* [DATA PROVIDED]
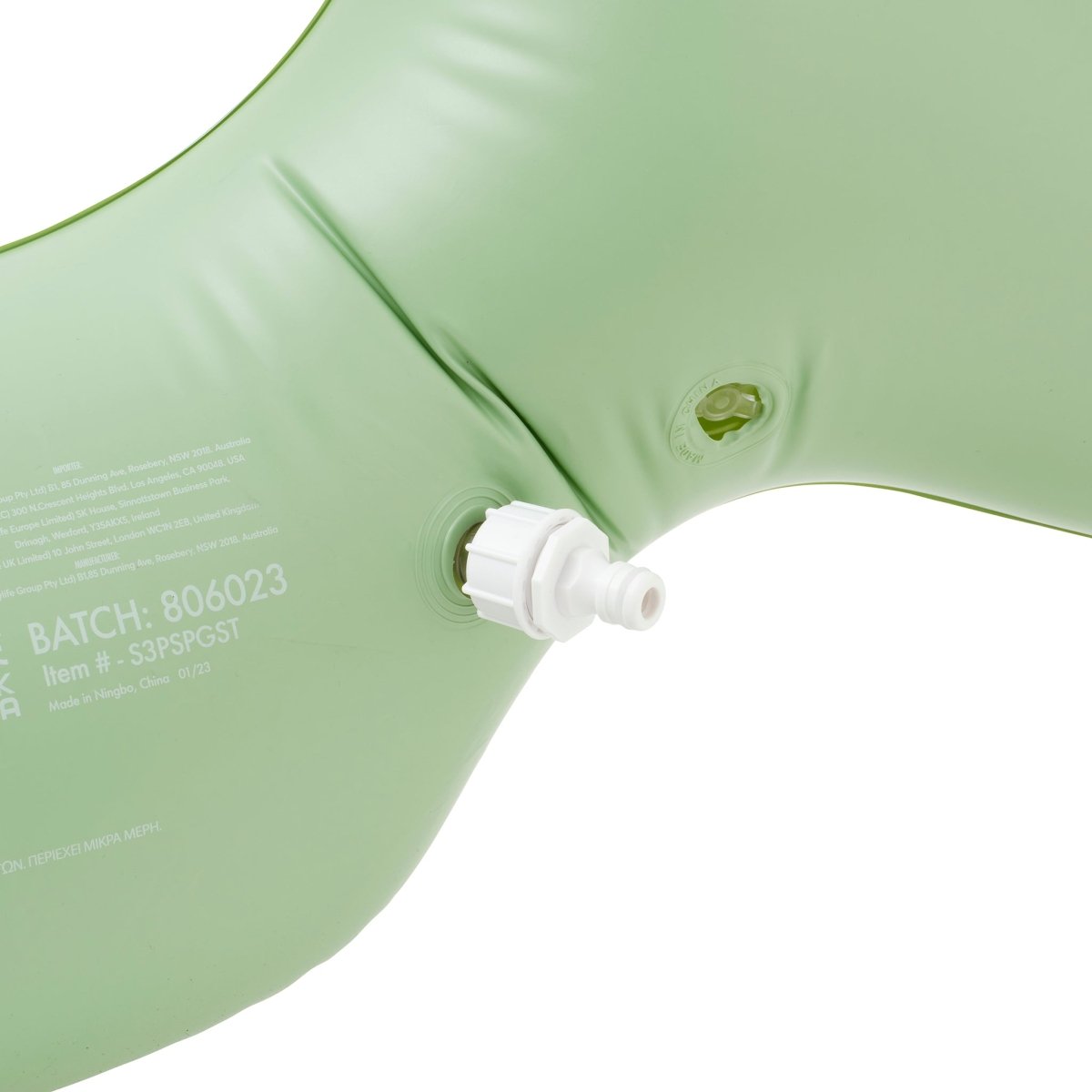 Inflatable Giant Shark Sprinkler - SUNNYLiFE EU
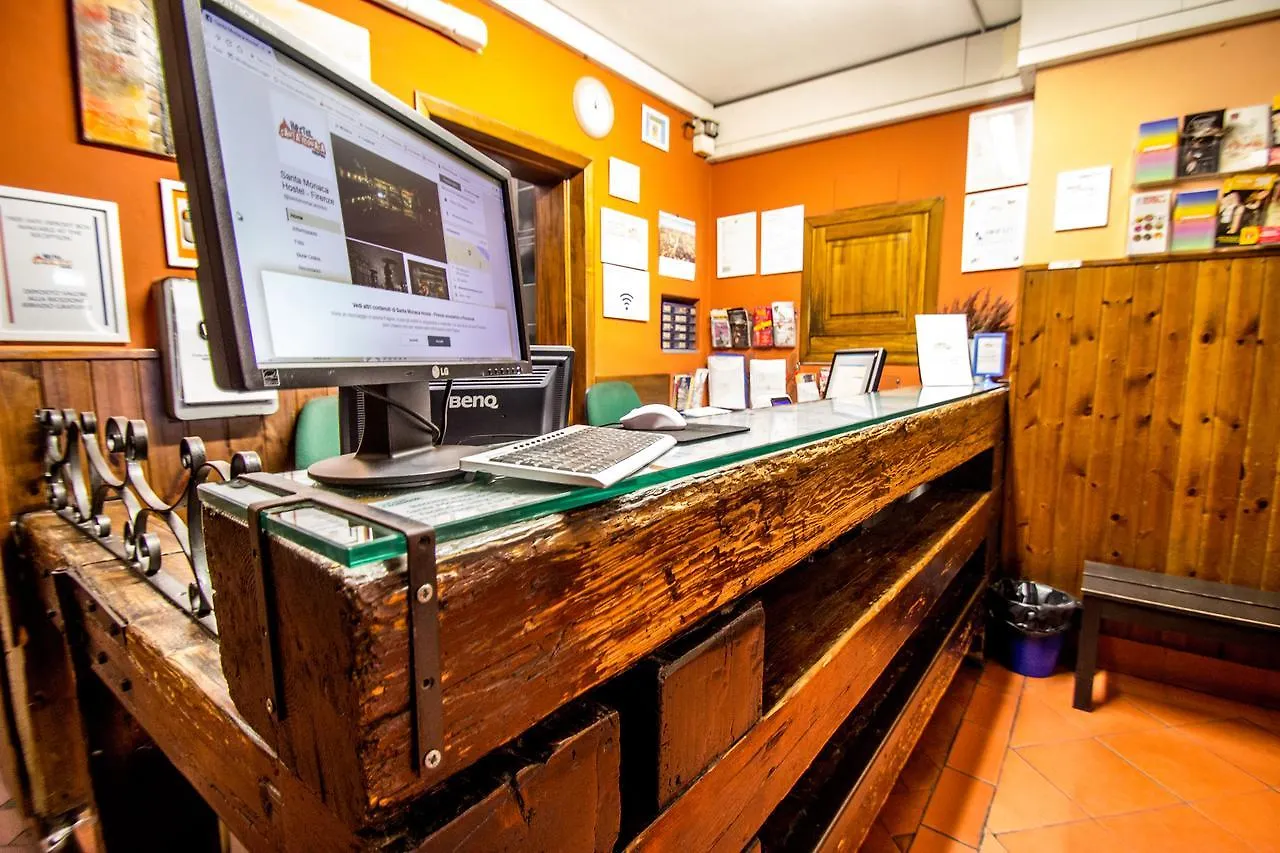 פירנצה Hostel Santa Monaca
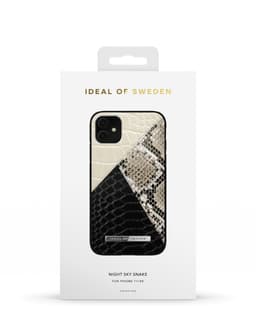 Atelier Case iPhone 11 / XR Night Sky Snake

* [TASK OBJECTIVE]
Repeat the material above exactly; pictures do not belong in the copy.

* [TASK OUTPUT]
 Inflatable Giant Shark Sprinkler - SUNNYLiFE EU
 פירנצה Hostel Santa Monaca
 Atelier Case iPhone 11 / XR Night Sky Snake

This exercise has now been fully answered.